Upon her return to France in 1953, Valland was appointed a conservator of the French Musées Nationaux and in 1954 was named Chair of the "Commission for the Protection of Works of Art". In 1961, she wrote about her wartime experiences in a book published under the title, Le front de l'art.
Valland retired in 1968 but continued to work on restitution matters for the French archives. Her valor and dedication resulted in numerous awards from her own and other countries. From the French government Valland received the Légion d'honneur, was made a Commandeur of the Order of Arts and Letters and was awarded the Médaille de la Résistance. Following its creation in 1951, Valland received the Officer's Cross of the Order of Merit of the Federal Republic of Germany. The United States awarded Valland the Medal of Freedom in 1948.
Valland died in 1980 and was buried in her hometown of Saint-Etienne-de-Saint-Geoirs.
In 2003, the central square in Saint-Étienne-de-Saint-Geoirs, was renamed Place Rose Valland. The Collège Rose Valland, located at 1 rue Pierre de Coubertin in her home town, is also named in her honor.
The Association de la Mémoire de Rose Valland, which was established to honor her memory, is based on Place Rose Valland in her hometown.
On the initiative of the Association de la Mémoire de Rose Valland, a commemorative plaque honoring Valland was unveiled on 25 April 2005 on the façade of the Jeu de Paume.
A stamp was released by the French postal service in her honor in 2018.
The French Ministry of Culture and Communication has a web portal, called Site Rose Valland Service des musées de France, which lists recovered artworks held in French national museums.
Personal life
Following the end of the Second World War Valland began a relationship with Joyce Helen Heer, a Liverpool born secretary-interpreter at the Embassy of the United States. The two women shared an apartment on rue de Navarre in the 5th arrondissement of Paris. The relationship ended upon Heer’s death of breast cancer whereupon she was interred in Valland’s family vault.In popular culture
The 1964 John Frankenheimer film The Train was loosely based on her book, and includes a character named "Mlle Villard". Valland's role in preserving the stolen art was discussed as part of the book and documentary, The Rape of Europa.In 2006, Valland was the subject of Corinne Bouchoux's biography "Rose Valland: Resistance at the Museum."

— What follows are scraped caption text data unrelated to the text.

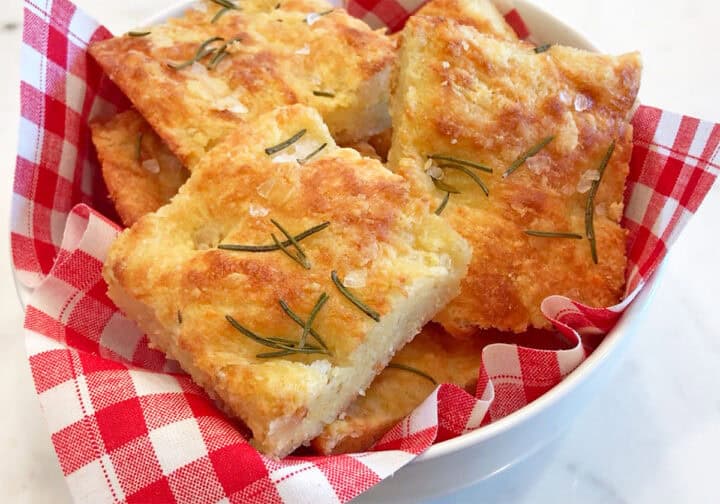 The focaccia is served in a bowl lined with a napkin.
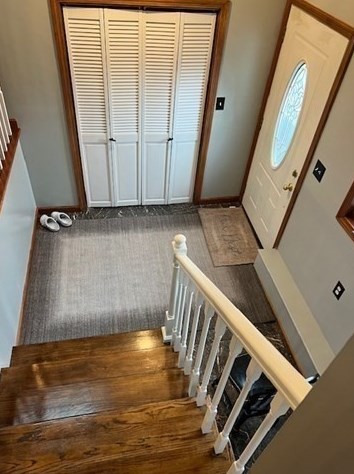 87 Mccabe St, Dartmouth MA  02748-1615 exterior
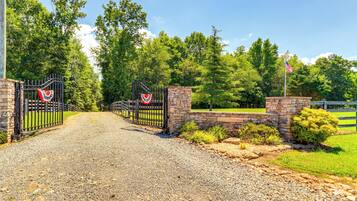 House (1 Bedroom) | Interior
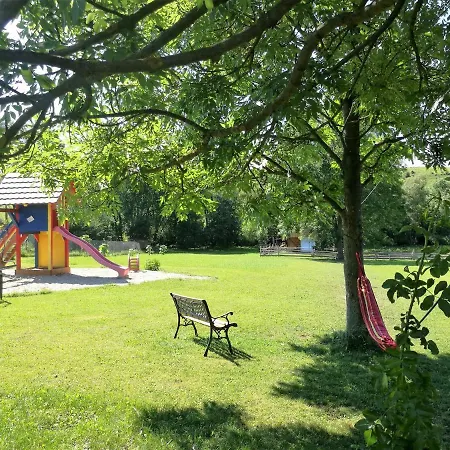 Ferienhaus Raj Bešeňová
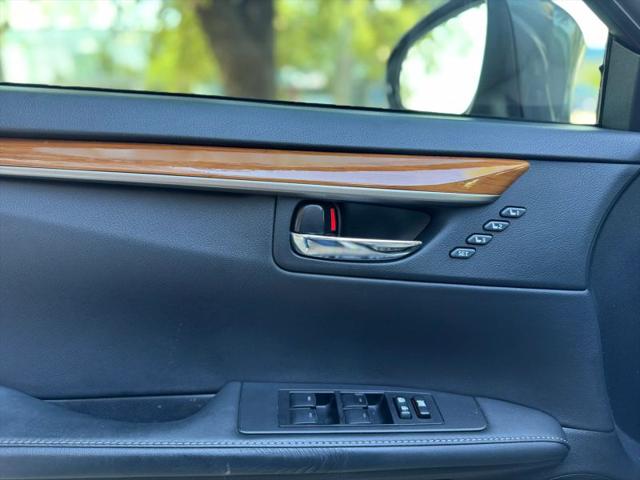 2014 Lexus ES 300h 300h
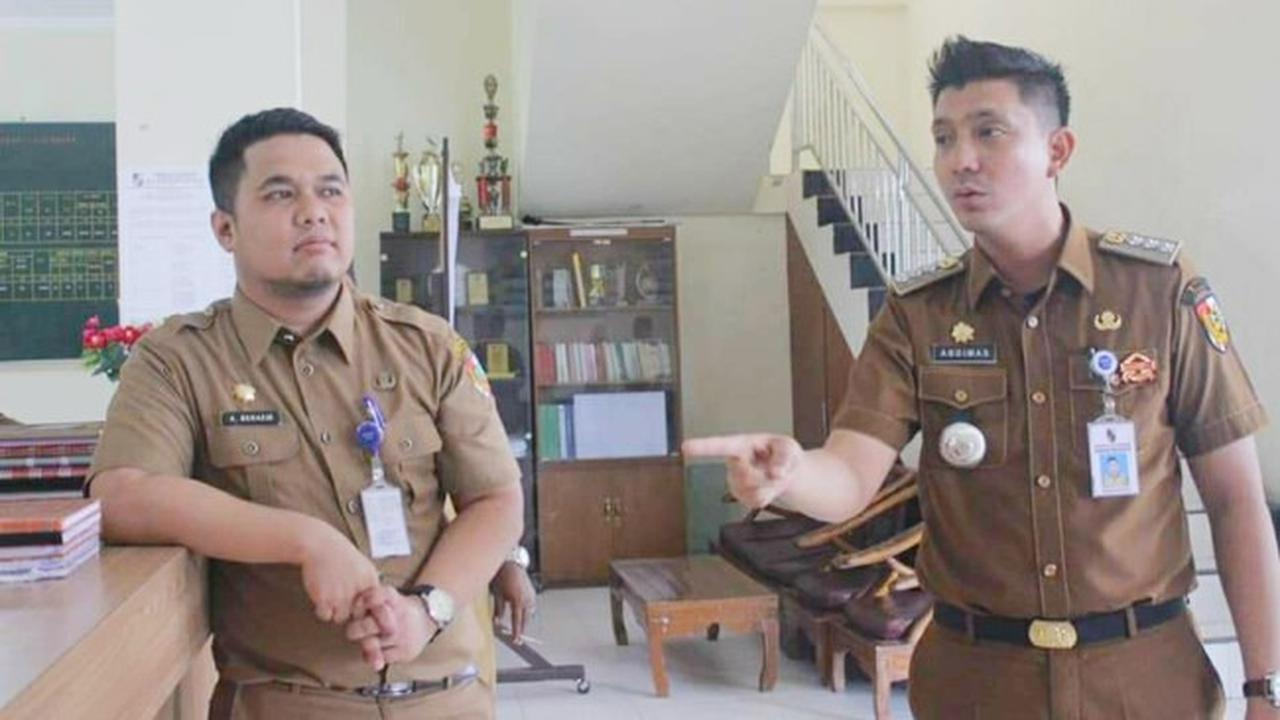 Abdimas (kanan) saat masih menjabat Camat Tenayan Raya Pekanbaru.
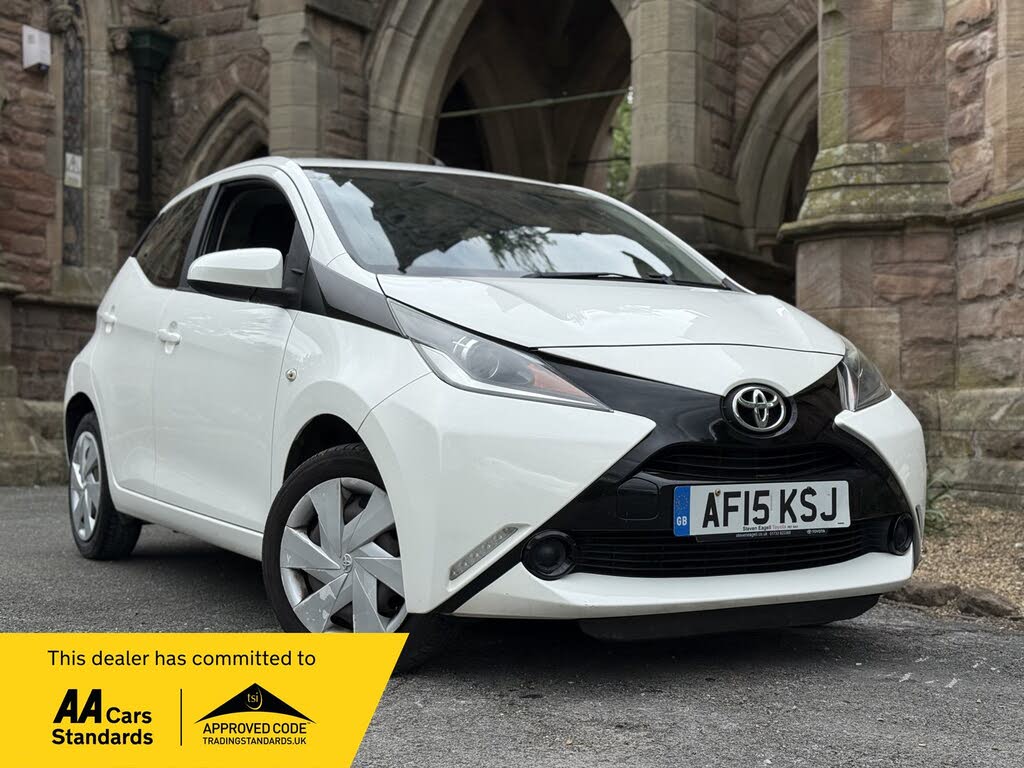 2015 Toyota AYGO 1.0 VVT-i x-play 5d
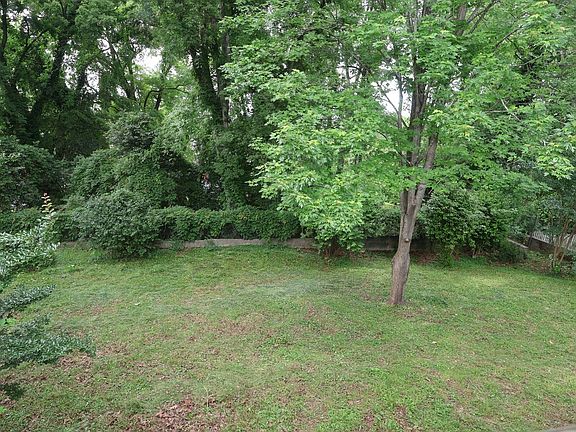 3rd image of 7 Eastridge Ct SW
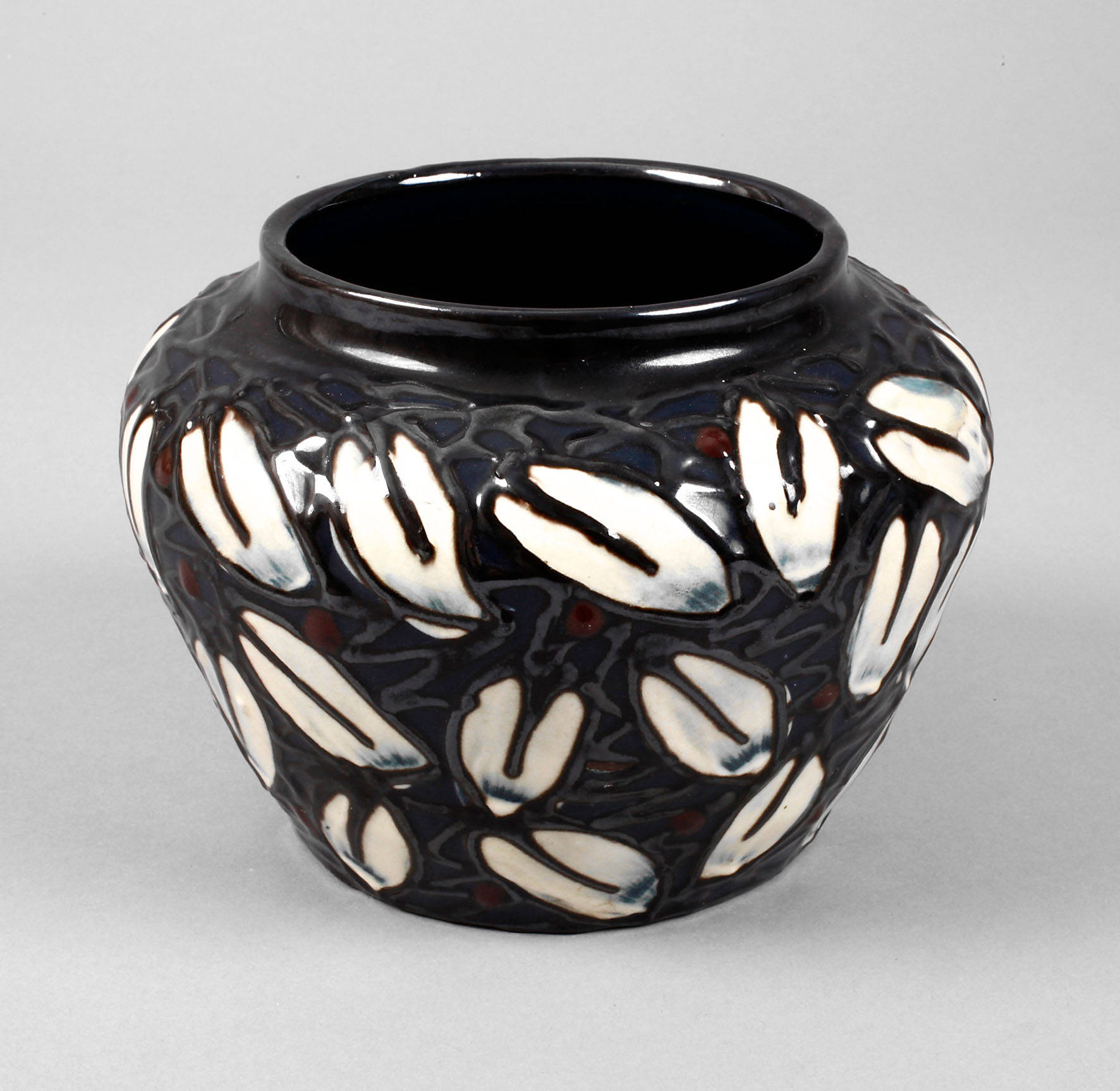 Vase Schlickermalerei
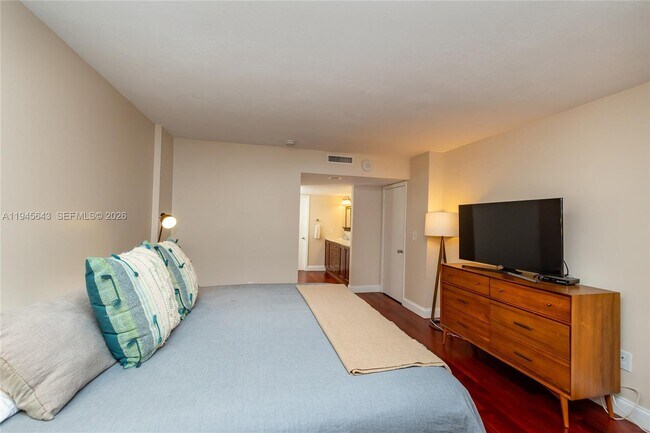 Foto del edificio - 199 Ocean Ln Dr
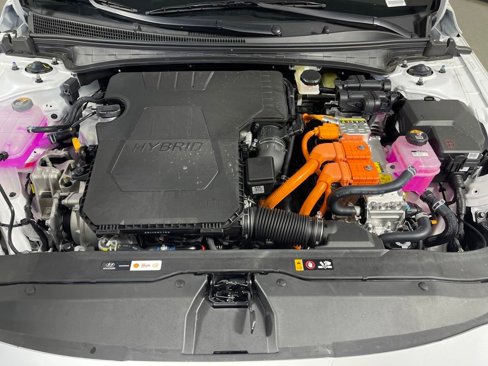 New 2025 Hyundai Elantra SEL image 9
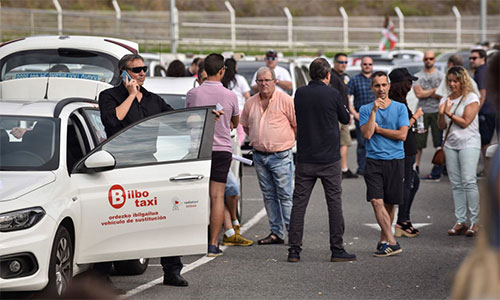 huelga de taxistas en Bilbao La huelga de taxistas paraliza grandes ciudades de España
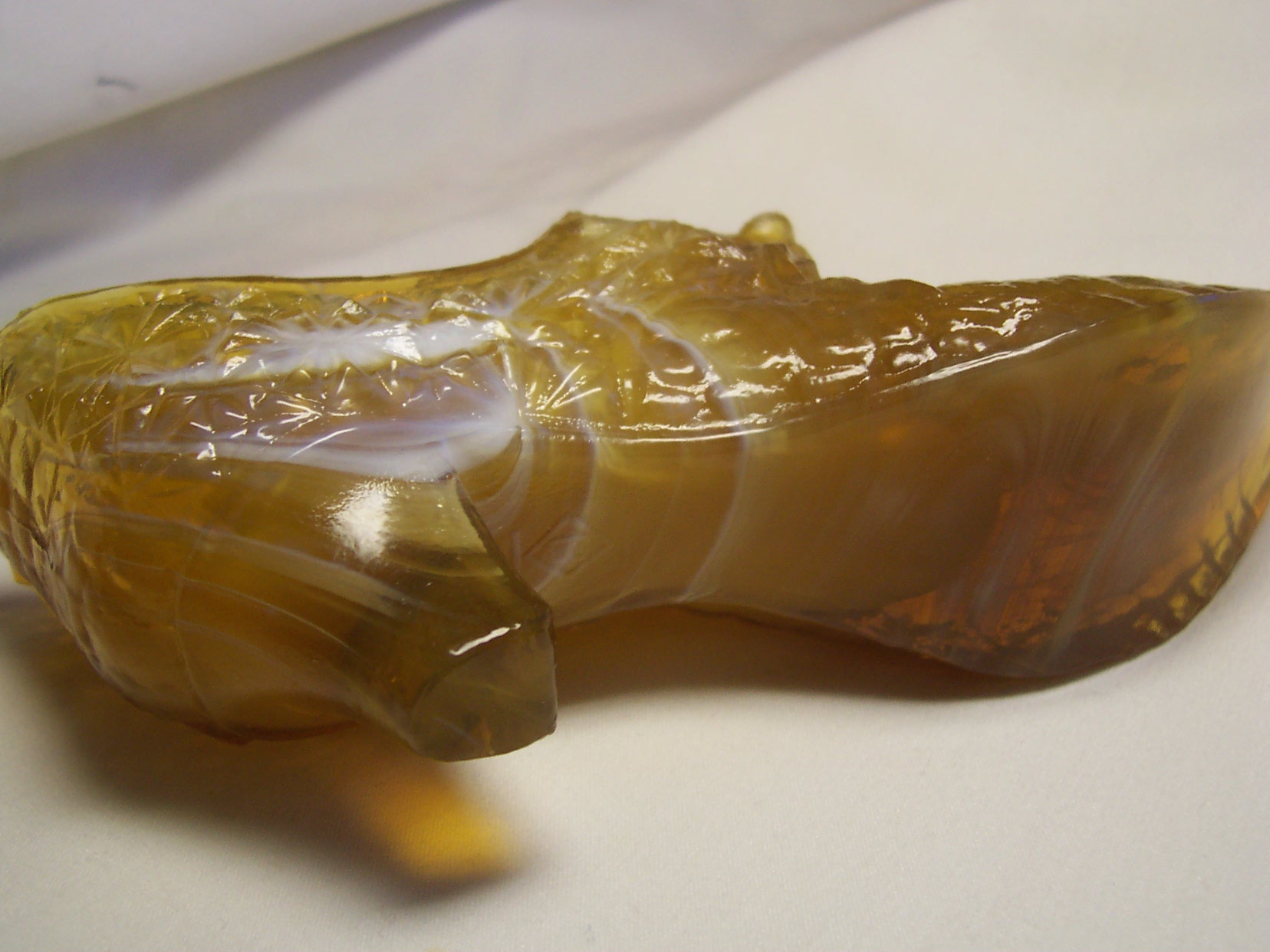 Boyd Crystal Art Glass Shoe Slipper Cat  Amber Slag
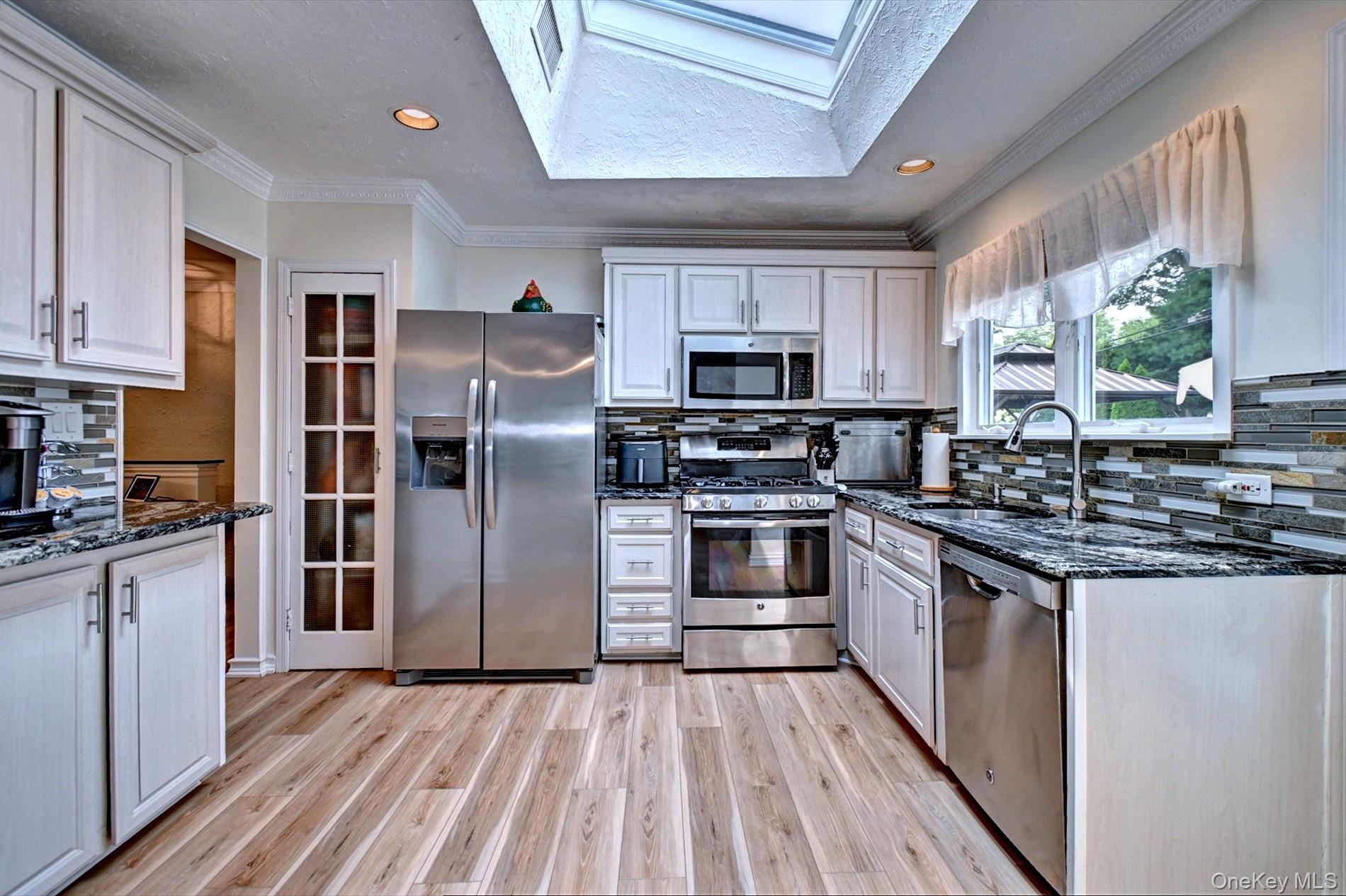 Single Family Shenandoah Boulevard N  Suffolk County, NY 11767, MLS-1037737-14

Rose Valland is a character in the 2014 novel Portrait of a Woman in White, by Susan Winkler. The book tells the story of Nazi art looting in France and a French art-collecting family.
In Sara Houghteling's novel, Pictures at an Exhibition, the character of Rose Clément is based on Rose Valland. In 2009 Valland was also one of the main subjects of Robert M. Edsel's book "The Monuments Men," which would later serve as the basis of the 2014 film of the same name.
Valland was an inspiration for the character of Claire Simone, portrayed by Cate Blanchett in the George Clooney-directed film The Monuments Men, released in February 2014.
She is also mentioned in the French thriller L'Antiquaire.
In Paris, France, in her memory, two commemorative plaques were inaugurated : one in front of the Musée du Jeu de Paume, in the Jardin des Tuileries, and the second on the building where she lived with Joyce Heer, in the 5th arrondissement. A Parisian street is also named after her in the 17th arrondissement.. Other streets are named after her in several French cities, as in Grenoble.
French governement made also a rose and a stamp in her memory.